I have always looked a little like the femme cartoon villains of first crushes and gay roots: dramatic, rebellious hair; dark eyes; flushed cheeks my great-grandmother was sent home from school for, to wash her bare face. Bad because I’m drawn this way and dressed for the occasion. Overlay the butch-femme spectrum with jock-goth and prep-glam and I haunted the corner of the diagram with black boots, fur coats, and red lipstick. I was never an easy-breezy-beautiful girl, a clean make-up girl, or an athleisure girl. For most of my twenties, my fingers and toes were religiously dipped red, black was an all-year color, leopard was a neutral, I didn't own a nude lip or cozy pajamas, and my lingerie matched whether anyone saw it or not.

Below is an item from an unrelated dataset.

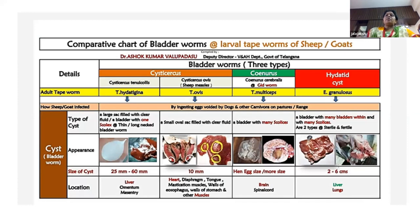Cysticircus tenu colis is the bladderworm of Tenia hydratigena, mainly located in the liver, momentum and the mesentery. It measures about 25 to 30 mm in size.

On the podcast Race Chaser, hosts Alaska Thunderfuck and Willam Belli joked recently that all drag is one of four Fs: funny, fuckable, freak, or frumpy, each an intentional choice to exaggerate, exacerbate, or invoke something other than the everyday. While I don’t perform, my gender presentation sketches from similar source material of pop culture and art into an exaggerated queered femininity with the contrast turned up. Going out pre-illness, pre-pandemic, I dressed like an escape room: layered mesh, hidden zips, statement sleeves, pinched waists, buckles that undid nothing but my lovers’ patience. My girlfriend liked to work for her presents and I rose to and was the occasion, a mirror for her own good taste, the compliment from strangers for her feat of fancy. But I dressed also for myself: “feeling like pussy, feeling like cunt” (Stun, Alaska Thunderfuck feat. Gia Gunn), a sentiment somehow both deeply dyke-y and high drag.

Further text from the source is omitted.